# Corsair Airflow Pro , Corsair Vengeance ?



## lukas1234321 (29. April 2011)

Hi 

Ich habe mal ein paar fragen und zwar:

Passt der Corsair Airflow Pro auch auf den Corsair Vengeance Ram drauf?

Oder passt der Corsair Airflow Pro nur auf den Corsair Dominator Ram drauf?
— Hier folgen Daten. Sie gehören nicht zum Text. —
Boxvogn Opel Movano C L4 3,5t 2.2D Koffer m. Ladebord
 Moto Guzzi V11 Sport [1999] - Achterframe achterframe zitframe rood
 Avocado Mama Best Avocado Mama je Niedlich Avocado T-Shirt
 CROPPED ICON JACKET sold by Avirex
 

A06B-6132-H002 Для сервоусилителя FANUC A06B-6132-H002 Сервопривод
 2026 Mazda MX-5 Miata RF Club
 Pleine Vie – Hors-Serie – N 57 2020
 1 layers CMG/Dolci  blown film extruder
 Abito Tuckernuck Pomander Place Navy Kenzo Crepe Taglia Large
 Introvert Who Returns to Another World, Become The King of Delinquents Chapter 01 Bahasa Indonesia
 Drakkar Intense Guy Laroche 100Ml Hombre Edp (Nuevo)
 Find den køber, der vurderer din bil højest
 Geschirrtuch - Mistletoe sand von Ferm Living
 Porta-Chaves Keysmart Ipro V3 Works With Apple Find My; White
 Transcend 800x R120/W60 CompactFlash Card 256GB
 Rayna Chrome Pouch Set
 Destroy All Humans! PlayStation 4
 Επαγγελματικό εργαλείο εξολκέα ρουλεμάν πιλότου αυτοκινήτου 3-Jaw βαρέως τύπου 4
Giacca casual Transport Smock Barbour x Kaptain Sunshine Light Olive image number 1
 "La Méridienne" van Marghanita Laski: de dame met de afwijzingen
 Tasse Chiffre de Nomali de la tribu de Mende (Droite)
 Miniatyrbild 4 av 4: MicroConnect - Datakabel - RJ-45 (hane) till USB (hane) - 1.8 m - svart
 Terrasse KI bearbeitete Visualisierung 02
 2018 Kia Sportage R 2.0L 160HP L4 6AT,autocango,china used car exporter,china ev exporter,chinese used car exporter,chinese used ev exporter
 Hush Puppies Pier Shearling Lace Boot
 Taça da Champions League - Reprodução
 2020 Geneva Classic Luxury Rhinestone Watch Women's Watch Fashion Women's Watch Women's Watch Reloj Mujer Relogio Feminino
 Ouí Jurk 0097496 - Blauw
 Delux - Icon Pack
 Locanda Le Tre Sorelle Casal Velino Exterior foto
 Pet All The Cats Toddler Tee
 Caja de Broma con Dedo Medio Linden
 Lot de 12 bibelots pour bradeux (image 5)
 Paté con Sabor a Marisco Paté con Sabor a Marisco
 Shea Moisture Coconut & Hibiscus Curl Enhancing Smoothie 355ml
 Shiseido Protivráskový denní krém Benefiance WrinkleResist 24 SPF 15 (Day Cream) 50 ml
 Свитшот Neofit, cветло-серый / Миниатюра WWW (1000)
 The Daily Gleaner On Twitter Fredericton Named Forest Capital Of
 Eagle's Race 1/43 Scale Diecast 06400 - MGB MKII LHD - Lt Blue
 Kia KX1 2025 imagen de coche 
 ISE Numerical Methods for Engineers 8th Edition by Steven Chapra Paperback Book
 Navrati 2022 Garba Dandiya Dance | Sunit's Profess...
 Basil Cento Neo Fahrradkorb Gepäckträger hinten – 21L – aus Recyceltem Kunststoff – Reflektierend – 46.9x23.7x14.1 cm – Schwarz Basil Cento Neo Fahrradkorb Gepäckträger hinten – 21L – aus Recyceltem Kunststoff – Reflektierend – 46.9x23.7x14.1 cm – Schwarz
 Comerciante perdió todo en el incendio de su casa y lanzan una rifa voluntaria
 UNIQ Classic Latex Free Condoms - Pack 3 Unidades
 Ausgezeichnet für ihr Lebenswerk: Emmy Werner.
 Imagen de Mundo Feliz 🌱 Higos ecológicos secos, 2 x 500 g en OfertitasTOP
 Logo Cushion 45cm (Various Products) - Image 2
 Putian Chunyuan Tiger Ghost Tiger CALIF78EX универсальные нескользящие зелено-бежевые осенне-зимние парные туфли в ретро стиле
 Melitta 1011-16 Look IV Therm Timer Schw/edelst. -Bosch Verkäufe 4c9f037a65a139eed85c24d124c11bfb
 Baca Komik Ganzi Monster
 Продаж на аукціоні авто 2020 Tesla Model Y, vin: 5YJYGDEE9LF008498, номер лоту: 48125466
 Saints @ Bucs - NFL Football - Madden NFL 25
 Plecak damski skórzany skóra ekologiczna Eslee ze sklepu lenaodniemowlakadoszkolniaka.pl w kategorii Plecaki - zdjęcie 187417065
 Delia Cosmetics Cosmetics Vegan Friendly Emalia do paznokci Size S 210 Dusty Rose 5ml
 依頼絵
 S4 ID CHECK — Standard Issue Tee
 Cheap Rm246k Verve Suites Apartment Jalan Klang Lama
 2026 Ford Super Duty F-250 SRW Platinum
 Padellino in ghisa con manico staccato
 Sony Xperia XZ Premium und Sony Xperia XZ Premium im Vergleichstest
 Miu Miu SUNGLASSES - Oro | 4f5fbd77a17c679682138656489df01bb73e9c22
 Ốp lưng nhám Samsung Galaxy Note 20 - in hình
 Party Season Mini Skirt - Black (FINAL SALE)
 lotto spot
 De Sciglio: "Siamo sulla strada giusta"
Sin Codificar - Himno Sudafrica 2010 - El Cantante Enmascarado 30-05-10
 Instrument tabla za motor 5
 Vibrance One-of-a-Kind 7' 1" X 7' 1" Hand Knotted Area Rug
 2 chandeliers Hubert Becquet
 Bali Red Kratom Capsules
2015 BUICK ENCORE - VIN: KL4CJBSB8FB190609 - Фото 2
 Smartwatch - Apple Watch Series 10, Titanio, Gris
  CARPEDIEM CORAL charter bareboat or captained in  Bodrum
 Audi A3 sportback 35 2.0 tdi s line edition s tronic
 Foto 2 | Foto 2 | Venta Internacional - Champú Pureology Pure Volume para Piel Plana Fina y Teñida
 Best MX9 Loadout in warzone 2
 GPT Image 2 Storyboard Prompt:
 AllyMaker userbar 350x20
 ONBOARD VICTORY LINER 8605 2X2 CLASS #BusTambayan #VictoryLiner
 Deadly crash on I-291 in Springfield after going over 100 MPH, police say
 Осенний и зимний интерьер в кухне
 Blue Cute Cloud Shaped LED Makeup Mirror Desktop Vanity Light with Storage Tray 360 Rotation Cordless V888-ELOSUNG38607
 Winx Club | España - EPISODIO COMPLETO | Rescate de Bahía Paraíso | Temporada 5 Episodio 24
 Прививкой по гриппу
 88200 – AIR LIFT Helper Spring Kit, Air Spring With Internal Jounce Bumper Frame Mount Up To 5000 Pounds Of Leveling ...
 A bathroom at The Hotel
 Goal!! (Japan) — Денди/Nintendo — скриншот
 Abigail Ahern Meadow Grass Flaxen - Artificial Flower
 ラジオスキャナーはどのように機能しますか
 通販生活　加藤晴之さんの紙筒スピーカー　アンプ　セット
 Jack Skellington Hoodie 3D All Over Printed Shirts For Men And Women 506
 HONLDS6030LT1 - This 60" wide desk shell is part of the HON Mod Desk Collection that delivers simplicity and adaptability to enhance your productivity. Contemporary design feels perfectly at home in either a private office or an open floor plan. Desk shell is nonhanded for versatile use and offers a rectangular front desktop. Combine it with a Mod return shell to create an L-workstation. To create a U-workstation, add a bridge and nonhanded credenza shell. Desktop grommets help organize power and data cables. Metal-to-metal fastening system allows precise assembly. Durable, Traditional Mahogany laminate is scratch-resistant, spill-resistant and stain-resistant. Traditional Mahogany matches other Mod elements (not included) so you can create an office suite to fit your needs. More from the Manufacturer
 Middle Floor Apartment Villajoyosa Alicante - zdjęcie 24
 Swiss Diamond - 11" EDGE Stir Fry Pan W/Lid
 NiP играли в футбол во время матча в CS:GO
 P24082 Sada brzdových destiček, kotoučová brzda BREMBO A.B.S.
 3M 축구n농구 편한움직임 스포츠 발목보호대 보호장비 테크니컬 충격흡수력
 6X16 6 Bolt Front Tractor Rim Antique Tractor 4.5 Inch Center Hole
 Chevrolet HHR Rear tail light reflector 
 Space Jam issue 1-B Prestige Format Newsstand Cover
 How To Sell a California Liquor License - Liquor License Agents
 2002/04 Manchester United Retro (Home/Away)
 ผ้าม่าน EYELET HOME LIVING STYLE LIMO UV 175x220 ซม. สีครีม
Muss ich dann auch ein passendes Mainboard haben?


Lg

Lukas1234321


----------



## Hansvonwurst (29. April 2011)

Wozu brauchst du einen RAM-Kühler?
Wie wär es mit einem Eigenbau, z.B. mit einem 120 oder 140mm-Lüfter, das sollte leiser sein und besser kühlen!


----------



## evosociety (29. April 2011)

Hansvonwurst schrieb:


> Wozu brauchst du einen RAM-Kühler?
> Wie wär es mit einem Eigenbau, z.B. mit einem 120 oder 140mm-Lüfter, das sollte leiser sein und besser kühlen!


 
Ich denke es geht sich hier hauptsächlich um das Aussehen oder?


----------



## lukas1234321 (29. April 2011)

Jetzt mal zurück zur frage.

Meint ihr denn dass der Airflow würde auf den Vengeance Ram drauf passt?


----------



## evosociety (29. April 2011)

lukas1234321 schrieb:


> Jetzt mal zurück zur frage.
> 
> Meint ihr denn dass der Airflow würde auf den Vengeance Ram drauf passt?


 
Miss die Höhe des Airflows von Rambank bis Top Unterseite. Dann guck dir die Höhe von den Vengeance an, und zieh von dieser Höhe die Höhe von Mainboard PCB bis Rambank Ende ab. Wenn das dann aufgeht, passt es


----------



## SaKuL (29. April 2011)

Nein, das wird sicher nicht passen, die Vengeance sind viel zu hoch!


----------



## Keygen (29. April 2011)

eigenbau sieht besser aus, 2 120 er mit LEDs dann ists doch was, vllt UV aktiv mit 120 zu 80 mm Adapter (wenn du wilklst auch UV aktiv) das wäre ein hingucker


----------



## Shizophrenic (29. April 2011)

Wenn die vegance nich höher als die Domis sind, dürften sie passen, der Fan wird ja an der rambank Selber befestigt


----------



## Dommerle (29. April 2011)

Eigentlich ist ein RAM-Kühler nur eine unnötige Spielerei. 
Und je nach CPU-Kühler passt er auch gar nicht, also lieber vorher nachmessen.


----------



## zøtac (29. April 2011)

Hab die Vengeance selbst hier, die sind höher als die Domis


----------



## SaKuL (29. April 2011)

Okay, nochmal:
Es wird nicht passen!
Ich habe selbst mit einem Kumpel das ausprobiert!


----------